Nella primavera del 1962, chiusa sul 18-62 la loro prima stagione NBA, gli Chicago Zephyrs avevano la prima scelta al draft. Fra le stelle del college disponibili c’erano i futuri fuoriclasse nei pro Zelmo Beaty, Dave DeBusschere e John Havlicek. Ma con la primissima pick, il coach di Chicago Jack McMahon selezionò Billy “the Hill” McGill.

Centro di 2.04 uscito da Utah, McGill era stato capocannoniere a 38.8 punti di media, all’epoca la seconda di sempre a livello universitario. Cresciuto in un ghetto di Los Angeles, “Bill the Hill” – soprannome affibbiatogli in decima classe da un giornalista che vide una montagna di 2.02 sferrare conclusioni virtualmente inarrestabili, perché eseguite sopra la testa degli avversari – trascinò la Jefferson High School al titolo cittadino in tre dei suoi quattro anni di varsity.
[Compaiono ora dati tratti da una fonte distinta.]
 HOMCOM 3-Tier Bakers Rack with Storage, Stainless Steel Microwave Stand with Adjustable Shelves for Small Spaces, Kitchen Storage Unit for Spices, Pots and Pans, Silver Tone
McGill aveva un gancio in sospensione davvero eccezionale che faceva esplodere dalla linea di fondo e con la schiena rivolta verso il canestro, una sorta di antesignano dello sky-hook, il celeberrimo “gancio cielo” di Kareem Abdul-Jabbar. A Utah gli fu insegnato a tirare il più possibile, una tattica che dava i suoi frutti. Da junior, Billy guidò i suoi alle Final Four del Torneo NCAA.

Ma nei pro' la musica sarebbe stata diversa perché non avrebbe più potuto prendersi lui tutti i tiri della squadra.
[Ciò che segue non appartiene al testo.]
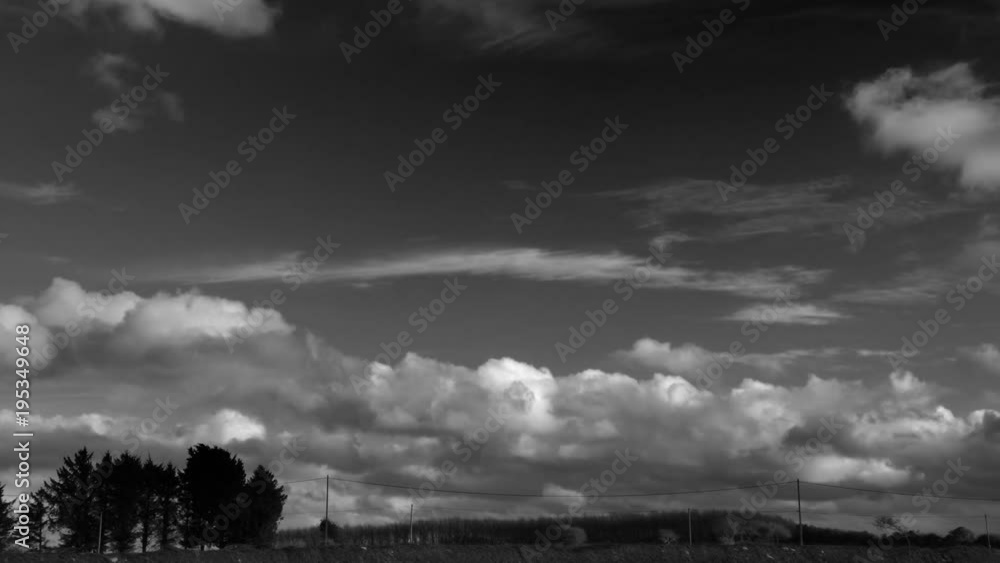 Hyperlapse of clouds in countryside. Cumulus and cirrus moving from right to left over dark trees. Hyperlapse of clouds in countryside. Cumulus and cirrus moving from right to left over dark trees.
McGill era così abituato a tirare (e a segnare) da pretendere, almeno inizialmente, che gli Zephyrs lo pagassero a punti. Alla fine lo persuasero ad accettare un normale stipendio, il che probabilmente gli evitò di finire sul lastrico.

Gli Zephyrs avevano già un grande centro realizzatore in Walt Bellamy, vicecapocannoniere l’anno prima alle spalle dell’imprendibile Wilt Chamberlain, ed ovviamente era lui ad ottenere la gran parte del minutaggio e il maggior numero di conclusioni.

Come rincalzo di Bellamy, McGill giocò meno di dieci minuti per gara e pur tirando con un ottimo 51.3% dal campo segnò appena 7.4 punti ad incontro. Disorientato dal nuovo ruolo Billy, timido e insicuro, si fece totalmente umbratile.

L’anno successivo, fu ceduto ai Knicks con i quali cominciò a dare i primi segni di risveglio tecnico, segnando una media di 15 punti in quasi venticinque minuti di gioco. Ma poi i Knicks scelsero al draft il futuro All-Star Willis Reed e così McGill fu spedito a St. Louis in cambio di una misera seconda scelta e di contanti.

Quella seconda cessione distrusse l’autostima cestistica di “Billy the Hill” che agli Hawks giocò poco e male: neanche un mese di stagione e fu tagliato. Dopo una rapida discesa agli inferi del basket pro (leggi Continental League) l’occasione del riscatto. A stagione inoltrata lo ingaggiò Los Angeles, una trade che lì per gli non gli parve vera: poteva finalmente tornarsene a casa. Ma di certo non immaginava di farlo in senso così letterale. 

Seguendo una alquanto singolare politica del risparmio i Lakers non lo portavano in trasferta, preferendo lasciarlo a casa a lavorare sul tiro (sic). Purtroppo, però, erano altre le doti che gli facevano difetto: la difesa, il saper andare a rimbalzo e il passaggio; doti mai sviluppate a Utah dove segnare era tutto ciò che gli veniva richiesto.

Nei playoff McGill fu aggregato alla comitiva gialloviola anche fuori casa, ma raramente mise piede sul parquet lungo il cammino verso le finali che i Lakers persero per mano di Boston. L’anno seguente, sostenne un provino per i Warriors, ma non riuscì a “fare” la squadra. McGill tornò a galla nel 1968 nella ABA, dove ebbe il suo breve canto del cigno (si fa per dire): due stagioni da 10 punti di media prima di chiamarsi fuori all’età di trent’anni.

La carriera NBA di “Billy the Hill” durò in tutto appena 159 gare, prova lampante di come a certi livelli occorra qualcosa in più che un buon tiro. Altrimenti il basket pro' diventa una vetta troppo alta da scalare.